Kabinet
Profesional, Utopia atau Kenyataan?
Ikrar Nusa Bhakti ; Profesor Riset di Pusat Penelitian Politik LIPI
|
MEDIA
INDONESIA, 04 Agustus 2014
KEMENANGAN pasangan calon presiden/calon
wakil presiden nomor urut 2 JokoWidodo (Jokowi) dan Jusuf Kalla (JK) pada
pemilu presiden 9 Juli 2014 merupakan kemenangan rakyat. Rakyat Indonesia
dari golongan `sandal jepit' sampai ke kelas paling atas memberikan dukungan
yang signifikan pada kemenangan Jokowi-JK. Rakyat menyambut datangnya angin
perubahan di negeri ini.
Lima tahun ke depan, 2014-2019,
dapat dikatakan juga sebagai era revolusi harapan-harapan rakyat yang
meningkat. Bukan hanya para pelaku ekonomi, khususnya pelaku pasar modal,
yang bereaksi positif atas kemenangan Jokowi-JK, kalangan rakyat jelata dan
bahkan kalangan artis pun menyambut gembira kemenangan tokoh yang mendukung
ekonomi kreatif ini.
Seorang artis muda, Cinta
Laura, yang baru saja menyelesaikan kuliahnya di Columbia University, New
York, Amerika Serikat, berani mengatakan: “Indonesia akan maju, sukses, dan
sejahtera kalau pemimpinnya jujur!“ (Media Indonesia, 10 Juli 2014). Cinta
Laura hanya satu dari ratusan artis Indonesia yang secara gegap gempita
mendukung pasangan Jokowi-JK. Sherina, artis yang secara terbuka menulis di
Twitter-nya `Akhirnya Pilih Jokowi' dan Abdee Slank yang mampu menggerakkan
ratusan artis untuk konser musik akbar Dua Jari di Gelora Bung Karno pada 5
Juli 2014 ialah medan magnet yang juga membawa kemenangan Jokowi-JK. Mereka
tidak mengharapkan balas budi apa pun kecuali ingin melihat Indonesia maju,
sukses, dan rakyatnya sejahtera.
Pemimpin yang jujur tidak akan
mampu membangun negeri ini jika tidak dibantu para menteri yang
kepemimpinannya kuat, jujur, punya rekam jejak yang baik, tidak pernah
tersangkut pelanggaran hak-hak asasi manusia, tidak pernah menjadi terpidana
dalam kasus korupsi, mampu memimpin kementerian, dan menjadi manajer yang
baik. Seorang pemimpin bukan saja dalam hubungan atasan bawahan, melainkan
juga seorang pemimpin yang dalam posisi horizontal mampu meyakinkan para
pengikutnya akan adanya impian bersama yang harus dicapai, dan bagaimana
menggerakkan para pengikutnya untuk mencapai impian bersama tersebut.

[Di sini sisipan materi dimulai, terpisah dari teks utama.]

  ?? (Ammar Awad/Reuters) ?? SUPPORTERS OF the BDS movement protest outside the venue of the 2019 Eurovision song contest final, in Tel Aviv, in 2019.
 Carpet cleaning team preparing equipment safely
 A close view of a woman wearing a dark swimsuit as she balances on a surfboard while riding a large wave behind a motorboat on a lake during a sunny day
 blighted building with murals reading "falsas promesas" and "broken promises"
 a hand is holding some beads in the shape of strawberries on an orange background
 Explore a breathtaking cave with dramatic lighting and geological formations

Para anggota kabinet bukan
hanya mampu menciptakan pertumbuhan ekonomi yang tinggi, melainkan juga
pemerataan pertumbuhan. Kebutuhan dasar rakyat, yaitu pendidikan dan
kesehatan, merupakan hal yang paling penting untuk dituntaskan pada masa-masa
awal pemerintahan Jokowi-JK. Pembangunan infrastruktur, persoalan perizinan,
pembebasan tanah untuk kebutuhan publik, menjadikan Indonesia sebagai poros
maritim dunia ialah hal-hal yang juga harus dikerjakan dalam lima tahun
mendatang. Renegosiasi antara pemerintah Indonesia dan para perusahaan
tambang asing juga tugas yang harus dijalankan pemerintahan Jokowi-JK
mendatang. Presiden terpilih Jokowi juga berjanji untuk membantu setiap
keluarga miskin Rp1 juta sebulan, jika pertumbuhan ekonomi Indonesia mencapai
7% atau lebih per tahun. Ini bukanlah impian semusim. Jika dirinci lebih
lanjut, ada sembilan janji politik Jokowi-JK yang termaktub di dalam
`Nawacita' yang harus dicapai dalam lima tahun mendatang. Janji-janji politik
itu merupakan `utang politik' yang harus dibayar Jokowi-JK kepada seluruh
rakyat Indonesia, dan bukan hanya kepada para pemilih mereka.
Agar janji-janji politik mereka
benar-benar terwujud, Jokowi-JK harus didukung para anggota kabinet yang
benar-benar berdedikasi penuh untuk kemajuan bangsa. Akankah tim impian
kabinet profesional ini benar-benar terwujud, ataukah ini utopia semata?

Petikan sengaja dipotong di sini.